▸ **What you need to do**
Where the line holding "รูปของ 糖質制限＊薄揚げでピザ風♪時短おやつ" appears, start copying, and continue exactly through the last line of the listing, skipping pictures.
Material for this exercise section start
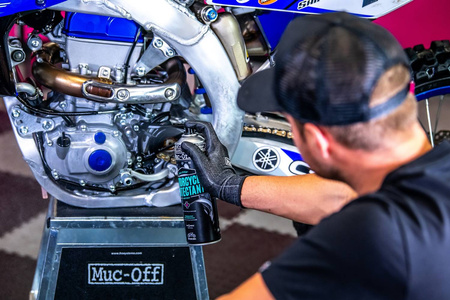 Muc-Off - Motorcycle Protectant preparat zabezpieczający każdą powierzchnię pomiędzy myciami - 500ml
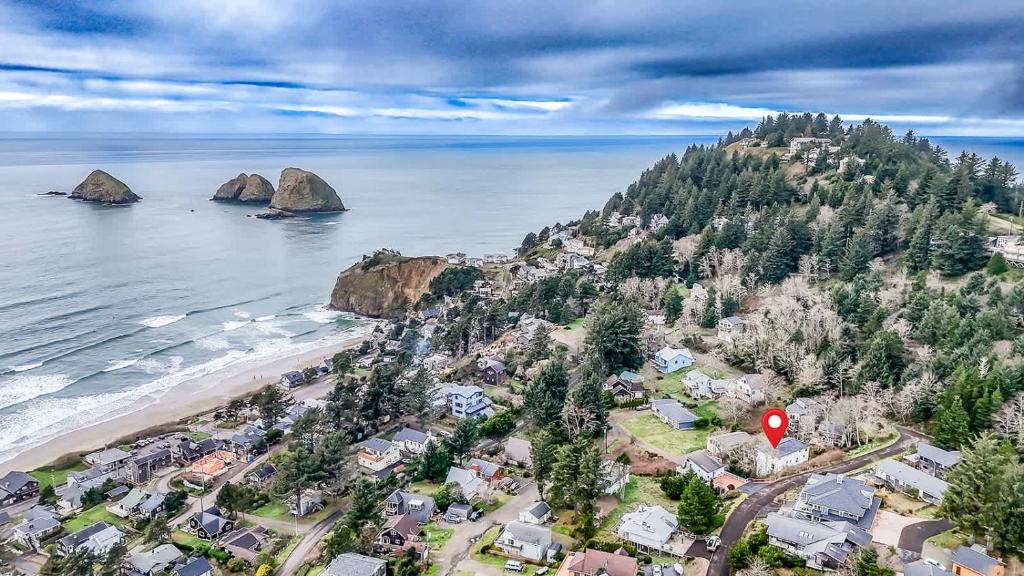 eine Luftaufnahme eines Strandes mit Felsen im Wasser in der Unterkunft Sitka Sky in Oceanside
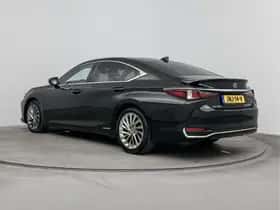 Lexus ES (2020) thumbnail 14
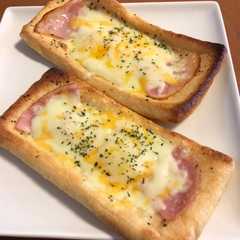 รูปของ 糖質制限＊薄揚げでピザ風♪時短おやつ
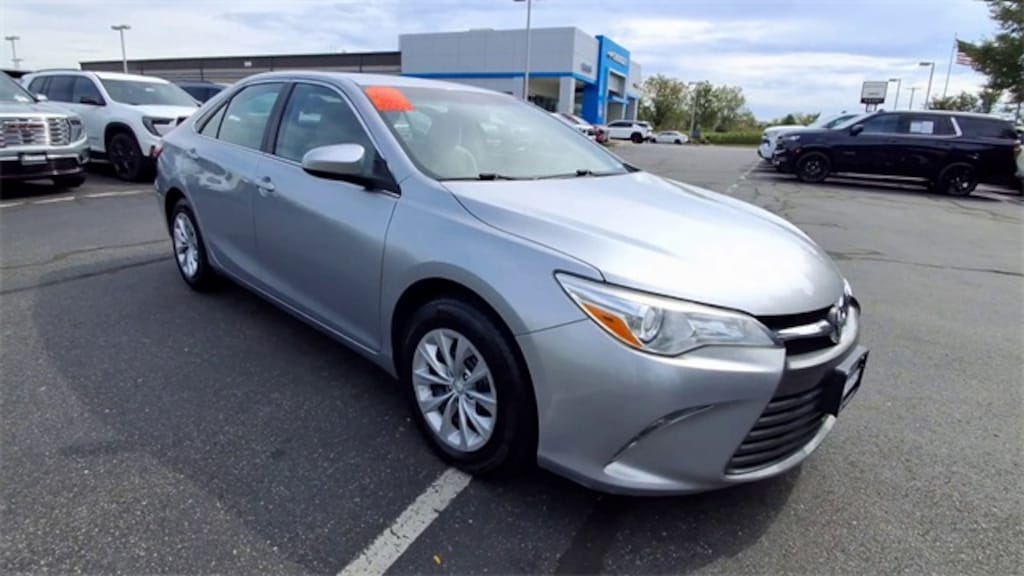 Used 2016 Toyota Camry LE Sedan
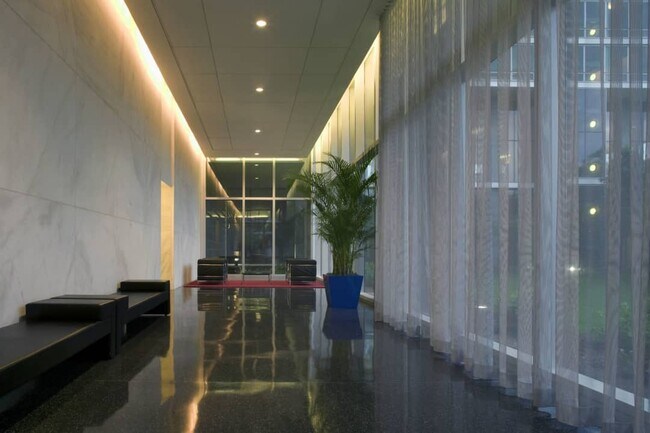 Foto del edificio - 9715 Woods Dr
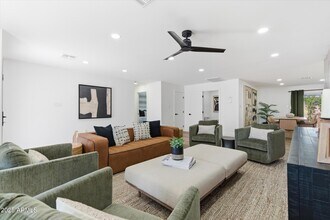 6712 E Pershing Ave in Scottsdale, AZ - Building Photo - Building Photo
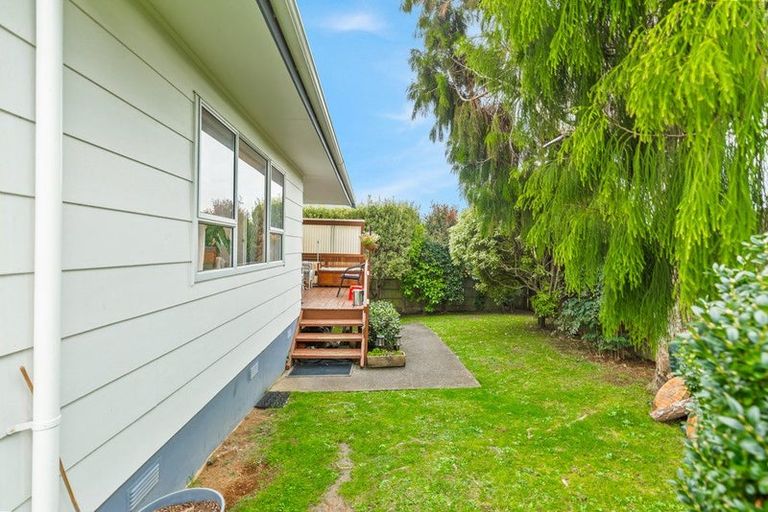 Photo of property in 1/11 Zita Maria Drive, Massey, Auckland, 0614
Material for this exercise section end
▸ **Problem solution**
 รูปของ 糖質制限＊薄揚げでピザ風♪時短おやつ
 Used 2016 Toyota Camry LE Sedan
 Foto del edificio - 9715 Woods Dr
 6712 E Pershing Ave in Scottsdale, AZ - Building Photo - Building Photo
 Photo of property in 1/11 Zita Maria Drive, Massey, Auckland, 0614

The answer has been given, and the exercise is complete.